Mirka Koželuhová
- Full name: Miroslava Bendlová-Koželuhová
- Country (sports): Czechoslovakia
- Born: 16 December 1951 (age 73) Prague, Czechoslovakia

Singles

Grand Slam singles results
- French Open: QF (1978)

Doubles

Grand Slam doubles results
- French Open: 2R (1975)

= Mirka Koželuhová =

Czech tennis player

Miroslava "Mirka" Koželuhová (born 16 December 1951) is a Czech former professional tennis player. She has also been known by her married name Mirka Bendlová.

==Biography==
Koželuhová is the great-niece of tennis player Karel Koželuh, who is an inductee to the International Tennis Hall of Fame.

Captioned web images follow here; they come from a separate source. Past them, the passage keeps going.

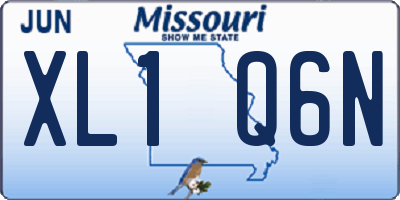 MO license plate XL1Q6N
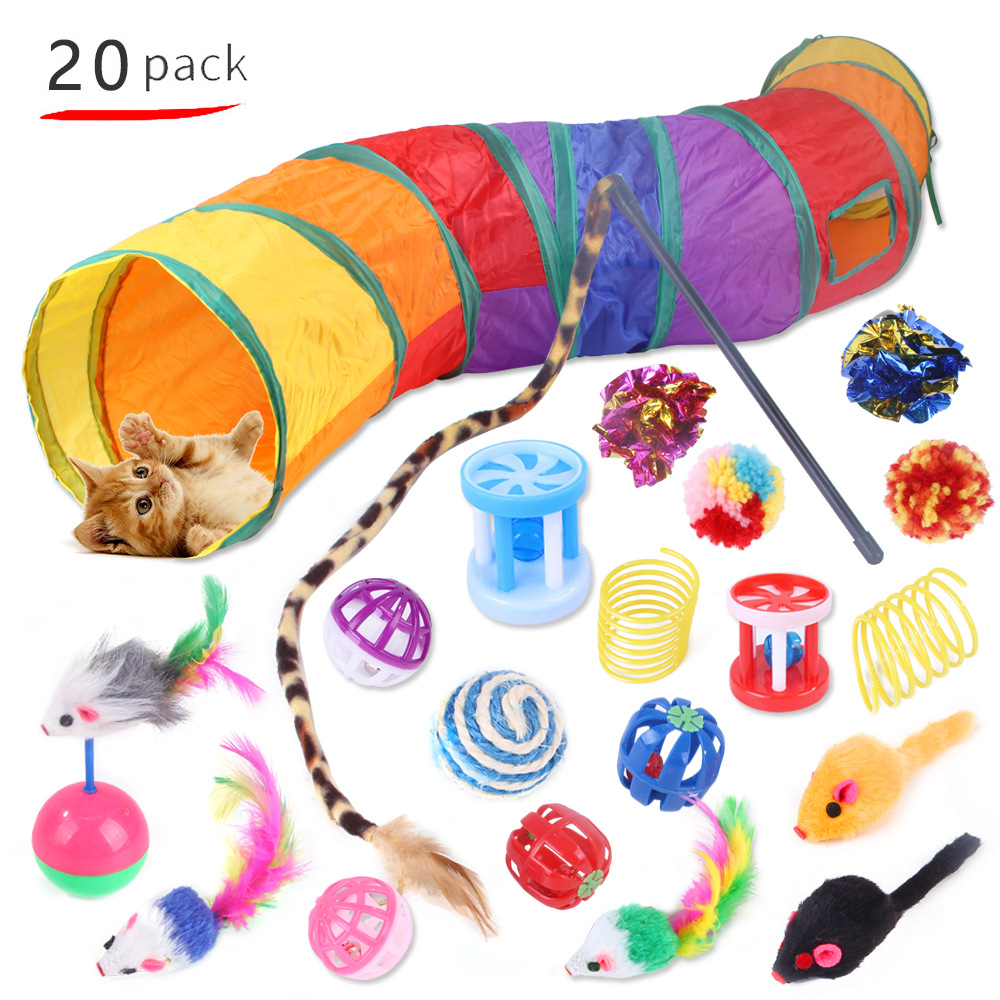 Tunnel with Wand 20pcs Cat Toy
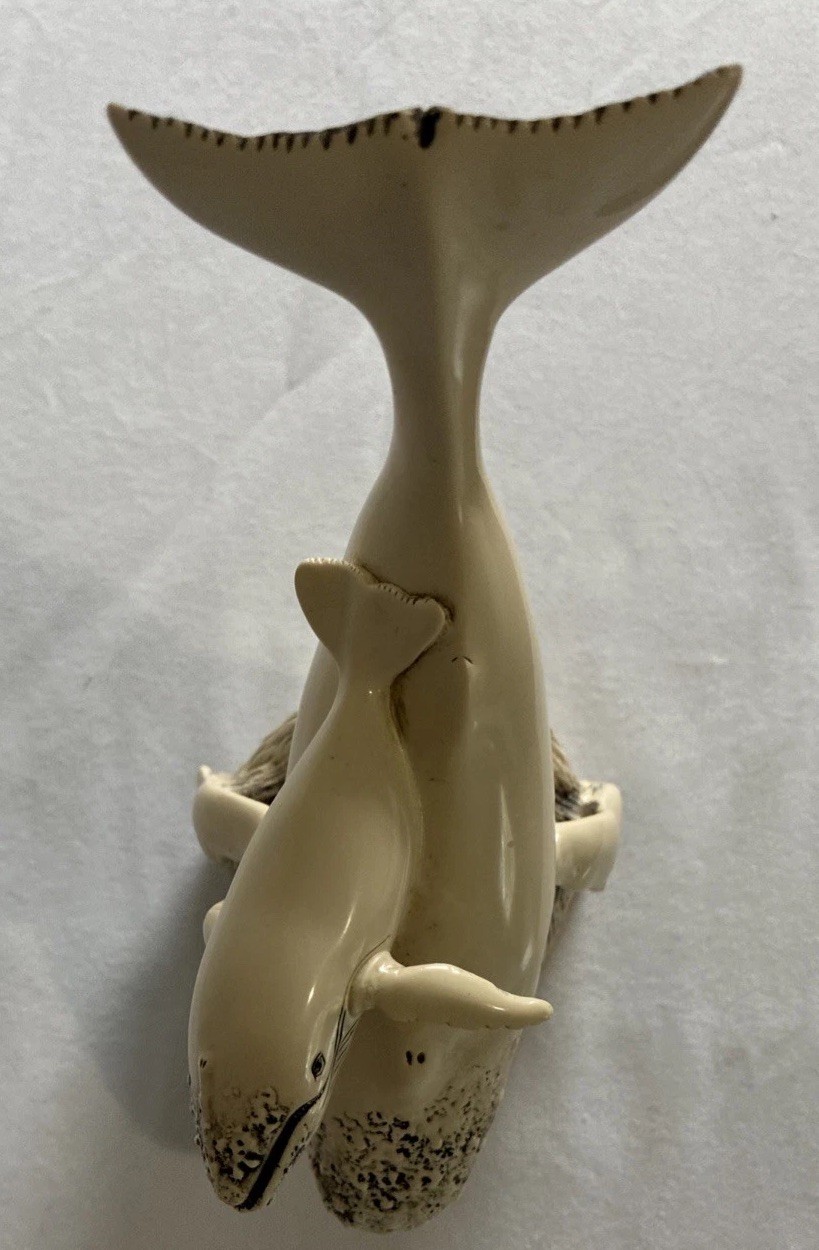 Beautifully Sculptured Humpback Whale with Calf Figurine -G.H. Cook Company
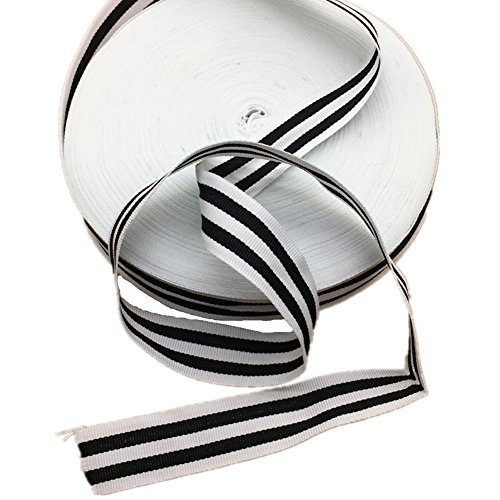 Ripsband, gestreift, gestreift, Spitzenbesatz, patriotisches Band, Gürtelbreite 2,5 cm, für Kleidung, Verzierungen, Geschenkverpackungen (3 x Weiß, 2 x Schwarz) von Zhiheng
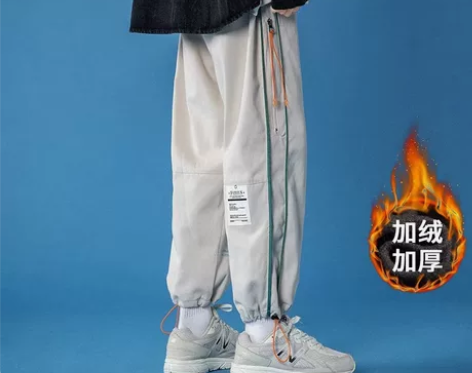 加绒裤子男秋冬季抽绳小脚百搭工装运动宽松束...
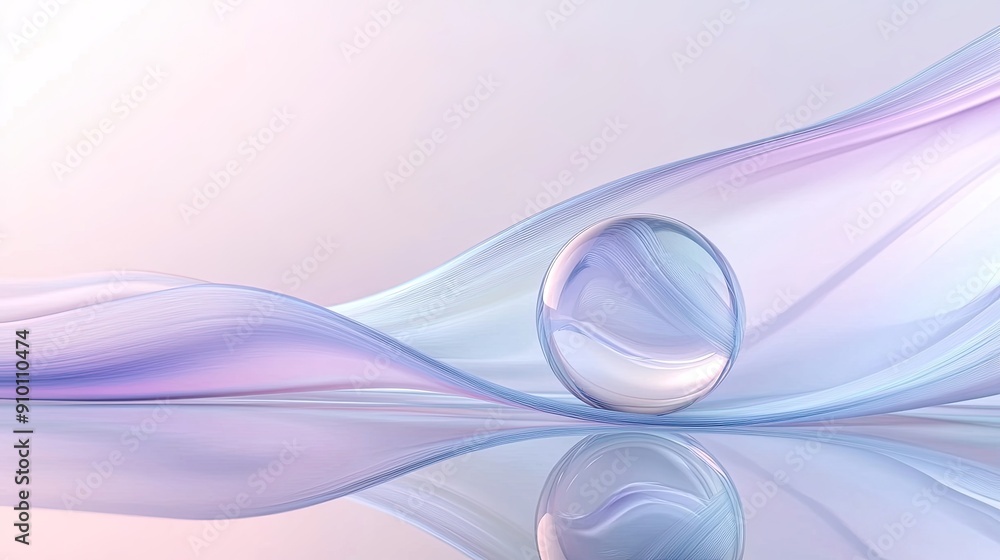Poster smooth, pastel abstract background with soft, flowing lines and a reflective sphere. perfect for mod
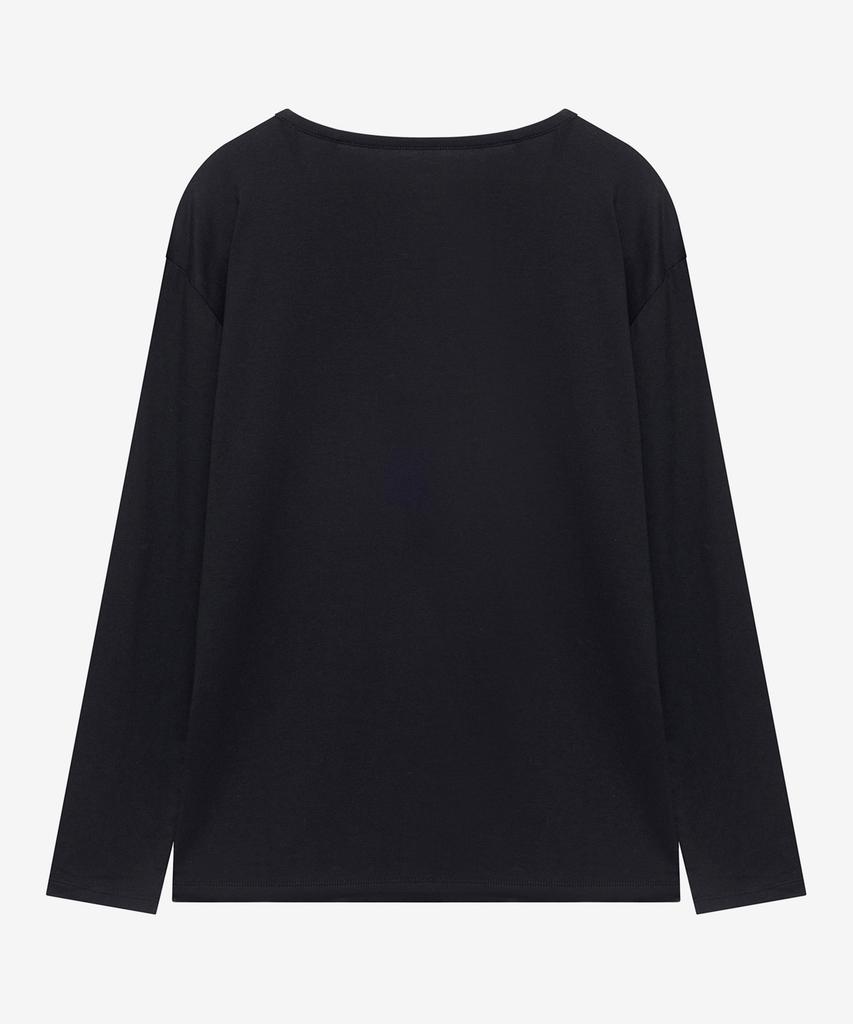 BASIC HOUSE Women'S Flowy Spandex U-Neck Oversized Long Sleeve T-Shirt Black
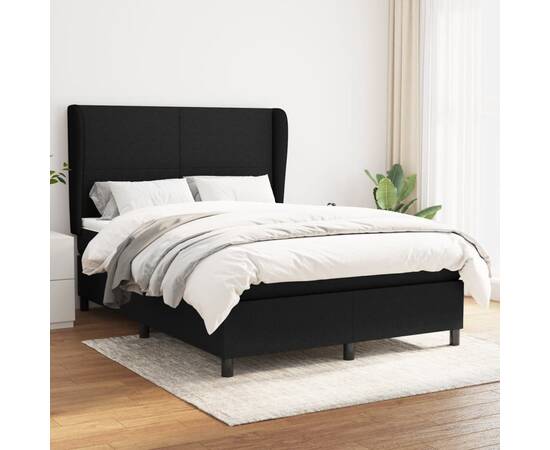 Pat box spring cu saltea, negru, 140x190 cm, textil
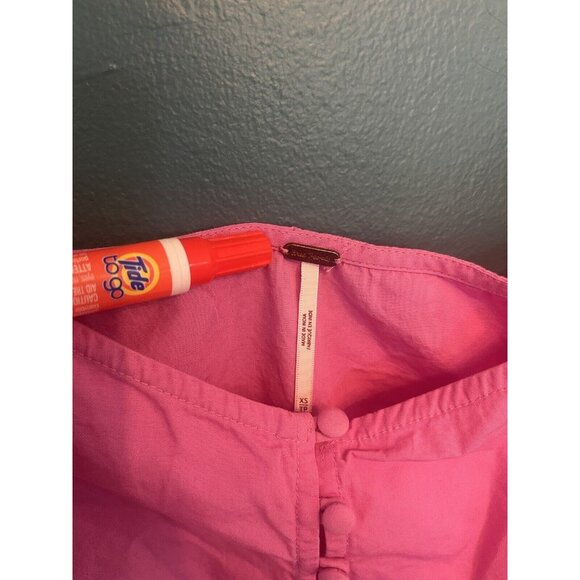 Free People Veronica Sweetheart Puff Sleeve Boydoll top barbie pink Size XS - Picture 2 of 3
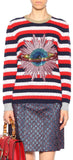 Sequin Embellished Saturn Striped Sweater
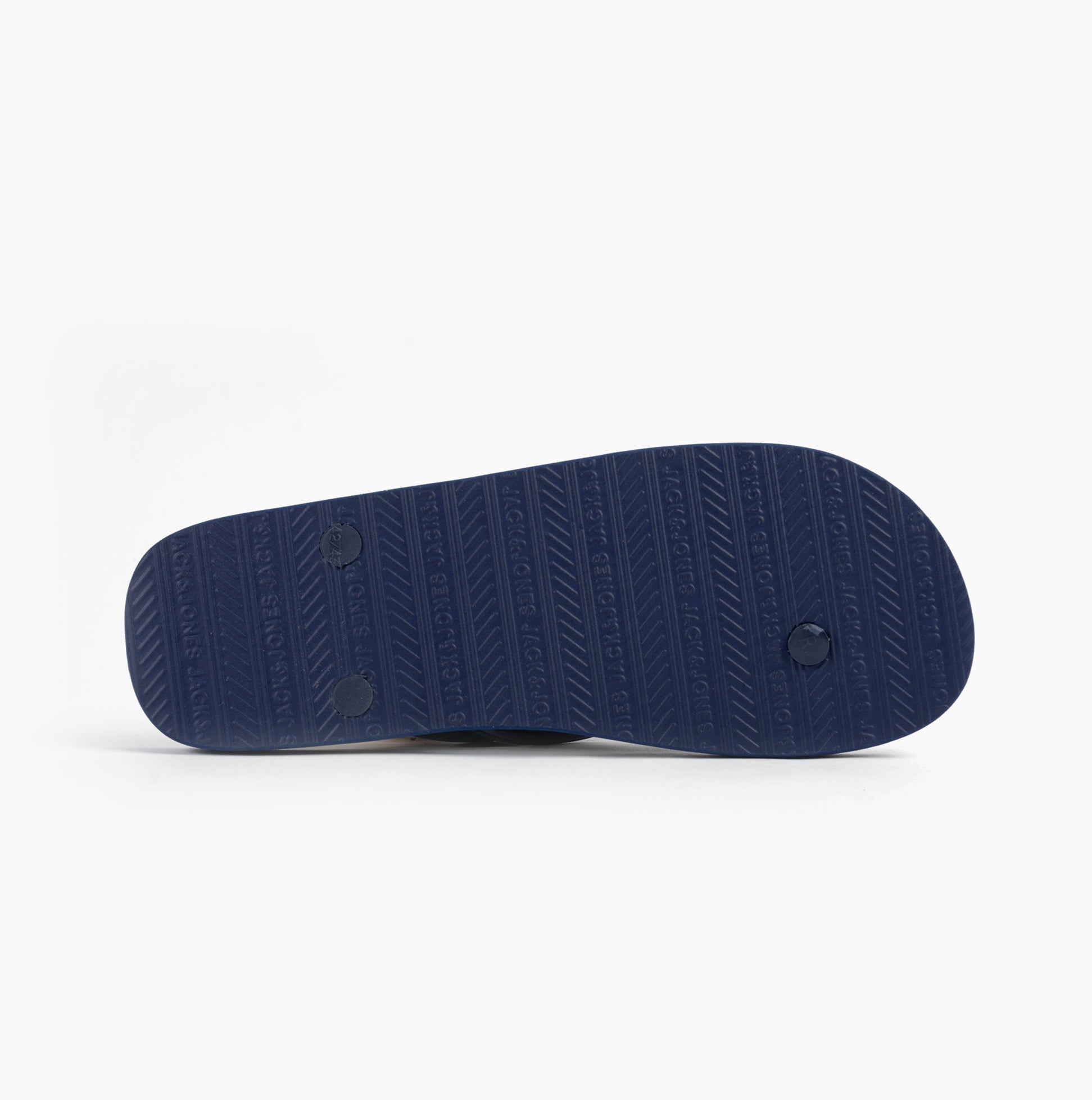 Jack & Jones LOGO PALM PRINT Mens Flip-Flops Medieval Blue outsole view with textured pattern.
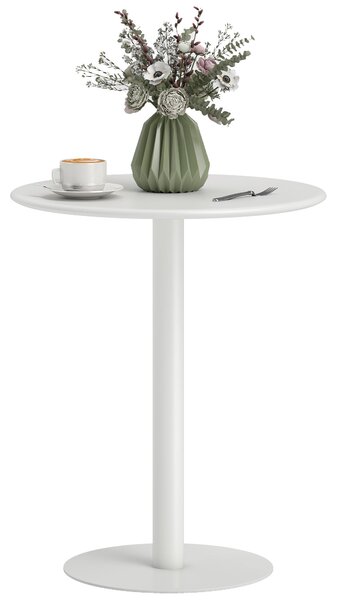 HOMCOM Jídelní Stůl, Kulatý Kuchyňský Stůl pro 2 Osoby, Moderní Jídelní Stůl do Obývacího Pokoje, Zahrady, Ocel, Ø60 x 72 cm, Bílý | Aosom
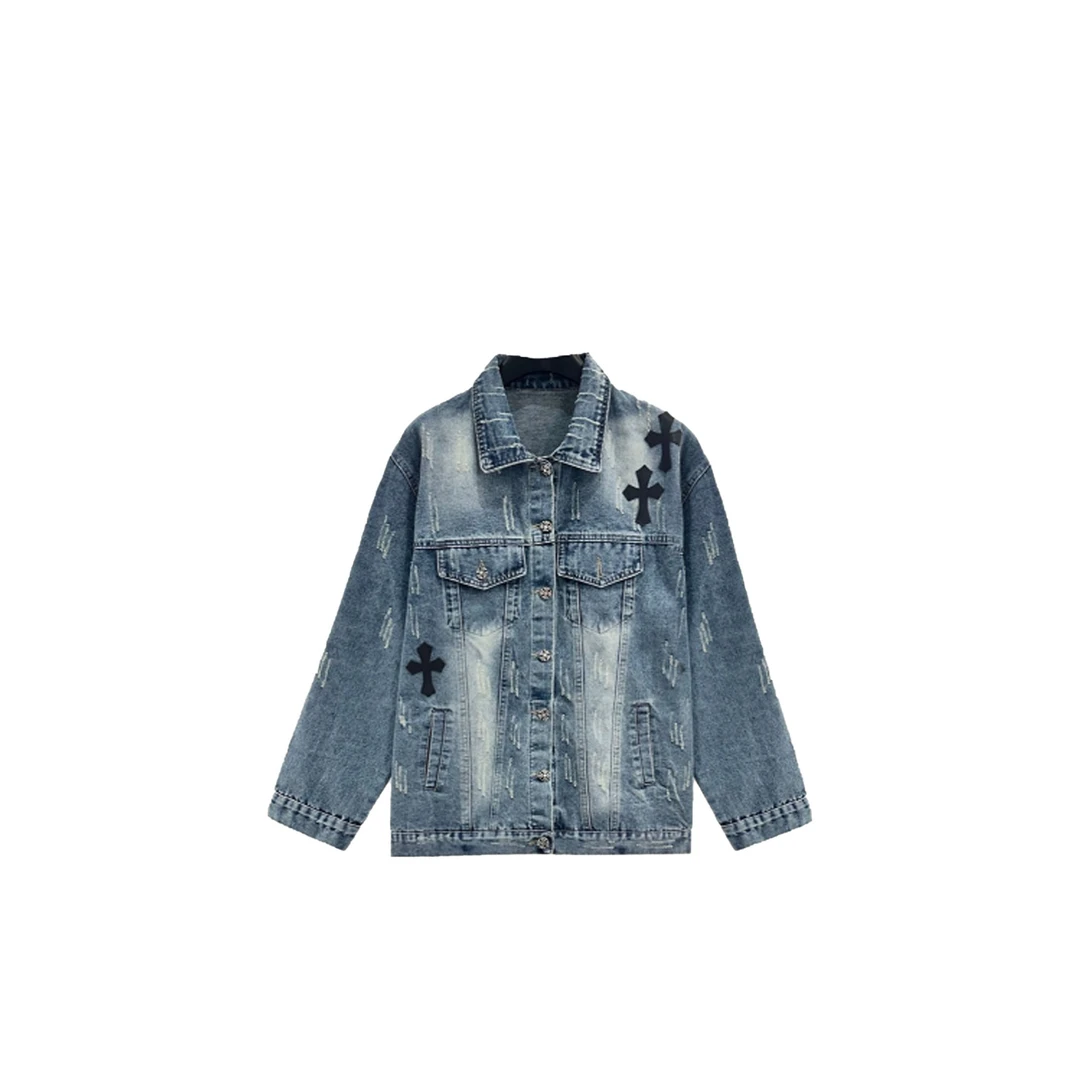 【复古牛仔】高级感轻奢风复古十字牛仔衬衫外套334号 L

During her career she featured in four editions of the French Open, the first in 1973. The 1973 French Open was also the debut of her then compatriot Martina Navratilova and they played each other in the first round, Navratilova emerging victorious.

In 1975 she was a member of the Czechoslovak squad which won the country's first Federation Cup title, then sat out of international tennis for two years when the authorities took away her passport as a reaction to Martina Navratilova's defection to the United States. During this time she got married and had a child.

She made a comeback in 1978 when she was allowed to compete in the French Open and had to win her way through qualifying as she had no ranking points. Once in the main draw she had the best performance on her career, reaching the quarter-finals.